There are already tons of articles, howtos on this topic but one more does not hurt. My situation was kind of different as well.
One of my colleague left the company and I inherited his Lenovo T60 x86_64 laptop. The machine had Fedora 8 installed in it and I needed to setup dual boot with Windows XP and Fedora 9. Of course the easiest would have been to upgrade to FC9, partition the disk with gparted and install Windows XP on new partition. But nothing in life is this easy so why this should be. I had a previous experience of installing dual boot on Dell desktop way back in 2000 with Windows ME and Red Hat version 6 IIRC. But back then I had bought additional hard drive, one for each OS. Anyway, following is what I ended up doing in this case.
For some reason gparted could not partition my hard drive (dev/hds). It kept failing and error was not very descriptive. Most of these articles suggested that it's much easier to install Fedora on machine with Windows than other way around. With Microsoft, you should expect this anyway. When I tried to boot from CD with Windows XP, it did not boot. I think XP was confused with linux partition and it did not know how to proceed. This meant that I had to reformat the whole hard drive. Since I did not care about data that were already there, I could freely reformat it. The easiest way to reformat in Fedora is to sudo as root and do :
dd if=/dev/zero of=/dev/hds bs=521 count=1
This command deletes partition table and XP installation CD wont see any Linux distro in harddisk. If you restart, your BIOS should not see any OS.

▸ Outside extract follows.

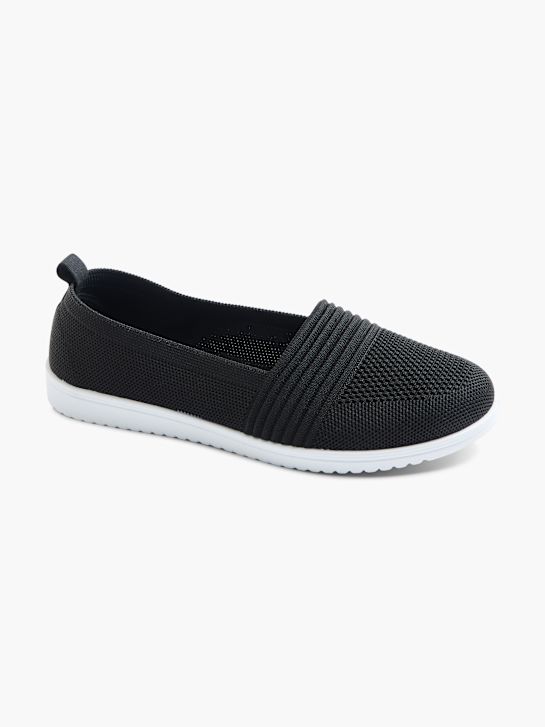 Blue Fin Ballet flat Black 88769 6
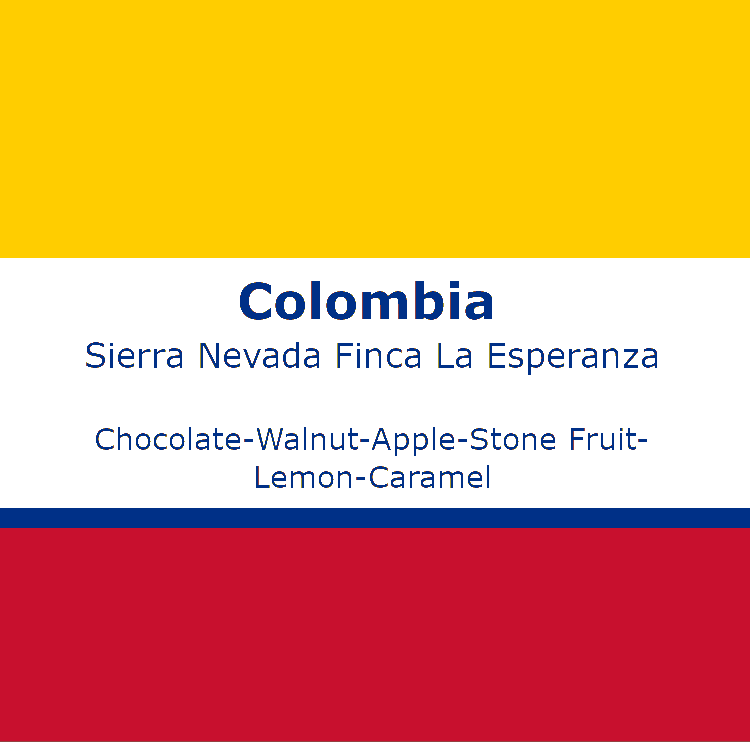 Colombia Sierra Nevada Finca La Esperanza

I restarted with XP installation CD on it, XP formated the whole disk with NTFS and installed itself. Now comes the fun part of installing Fedora 9. I prefer Fedora Live CD than full CD ISO or DVD ISO. I rebooted with FC9 live cd, connected to wireless network in case I needed to download something explicitly and selected the option "Install to hard drive". After hitting next button couple of times, it gives you an option to how to install to hard drive. I chose 3rd option which allows to partition hard drive. I shrinked existing partition to 50G so that meant 50G will go to XP and the rest to FC9. Follow next couple of times, Fedora does its things and installs itself.
When I restarted, the first screen says Fedora, hit enter and then GRUB bootloader screens shows up. It gave me two options. One said Fedora and other said "Other" which is Windows. I think you can rename "Other" to Windows so that it's clear but I did not care. Selecting "Other" takes you to the familiar XP startup process.
Overall my experience was not very painful.